Originally Posted by Conductor71

Oh boy, Rick...what you gotten us into? lol While sudden potassium is an obvious explanation for these episodes, I hadn't ruled out insulin as eating or digesting food seems to play a role for me. Whatever is going on, it blocks the synthesis or more like something is missing or depleted during episode because I can try a triple dose of levodopa and I get nothing.
I have noticed episodes occur when stomach is empty. Oddly, I feel like I digest and metabolize food much more quickly than I used to but cannot take off extra weight. I know we often have slower digestion/constipation and urinary frequency, but I have more a sudden parasympathetic reaction resulting in both urge to urinate and have bm - not normal I feel really empty after like cleaned out empty...this is my turning point then I normalize. If I don't have the hyper motility and bathroom trip, this brain fog and weakness eventually responds to intake of a little food. I try to nibble on something healthy and/or with potassium like banana, cheese, or sunflower seeds though I respond more to turning back on with the potassium rich snacks.

What Rick and I are experiencing is more like a paralysis. With normal PD freezing we definitely have muscular contraction. With this, I have no sense of muscle tone or connection with my legs; they don't feel numb. For example, using a walker or being behind a shopping cart poses more risk than benefit.

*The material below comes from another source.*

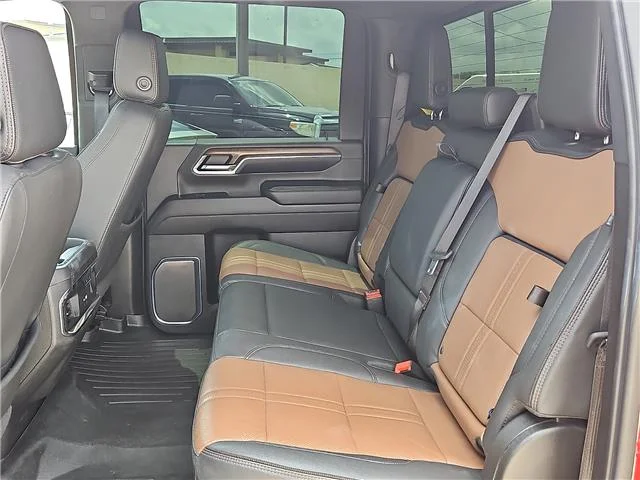 Used 2024 Radiant Red Tintcoat Chevrolet High Country 4x4 Crew Cab 8 ft. box 172 in. WB image 9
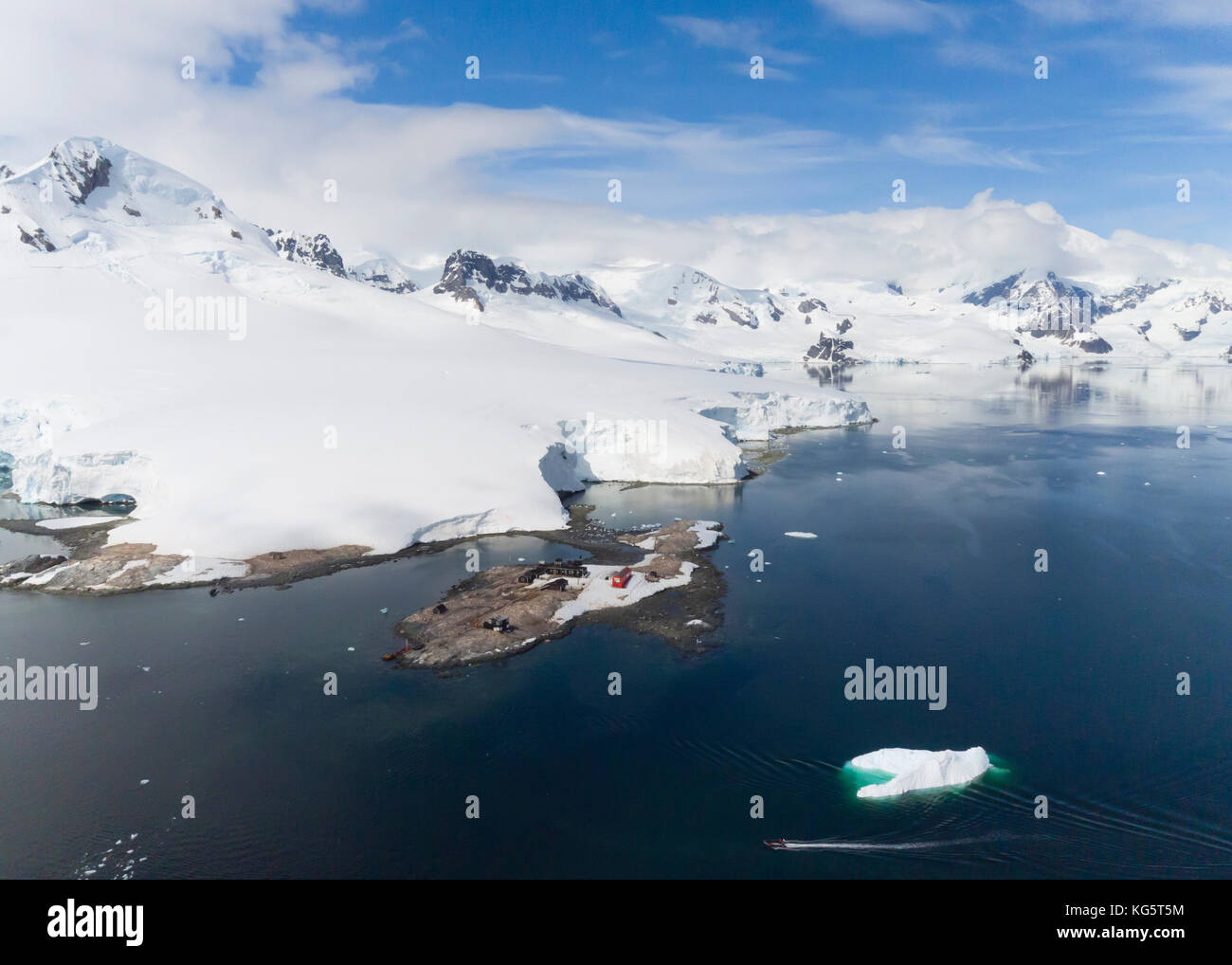 Antenne Waterboat Point und González Videla Antarktisstation, Paradies, Hafen, in der Antarktis. Stockfoto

I don't know if Rick experiences this but I have what I have dubbed princess and the pd moment...when I am coming around on meds but not quite on I have a heightened tactile sensitivity where I can sense if I am sitting on a thread or if someone touches me I get really irritated. Yet if I put weight on more affected side or my son happens to jump on me, I am irritated by the contact but the weight seems to trigger something that brings me back on sooner.

Can insulin cause anything like this? I have described this to my neuro who scratches his head and says not PD, while the endocrinologist I saw nearly laughed me out of the examining room. All levels were normal on my blood work and 24 urine capture, therefore I was making it all up.

I thought for awhile this was thyroid related but have norm levels despite being treated for hypothyroidism in my early 20's. I also have symptoms of this weight gain, hair loss (eyebrows and lashes), plus near diabetic bad dry feet...still doctors will not put me on trial low dose thyroid supplement.

Whatever is going on, I am so fed up as I don't think it is necessarily PD. It's really debilitating and unpredictable as I can think i am making a quick stop at Target and be trapped there for two hours.

Incidentally, I agree that there needs to be insulin measure. I have had the fasting glucose tolerance test at least three times. I was told levels were a little off but no need for treatment though I was symptomatic for hypoglycemia (my dad is hypoglycemic and has had bilateral hand tremor since he was a young man) but labs are normal so untreated.

I am far from a hypochondriac though doctors seem to think otherwise. I lose good portions of my mornings to this and I cannot go anywhere alone with my toddler son. Why would I make up symptoms? I suppose they think I like to sit in an office with a nausea inducing glob of sugar in my belly only to be poked four times. Yep, that's my idea of a fun four hours! Why do doctors not weigh in our symptoms anymore? So frustrating.

Laura

Originally Posted by reverett123

I'm going to bump this up due to its current relevence.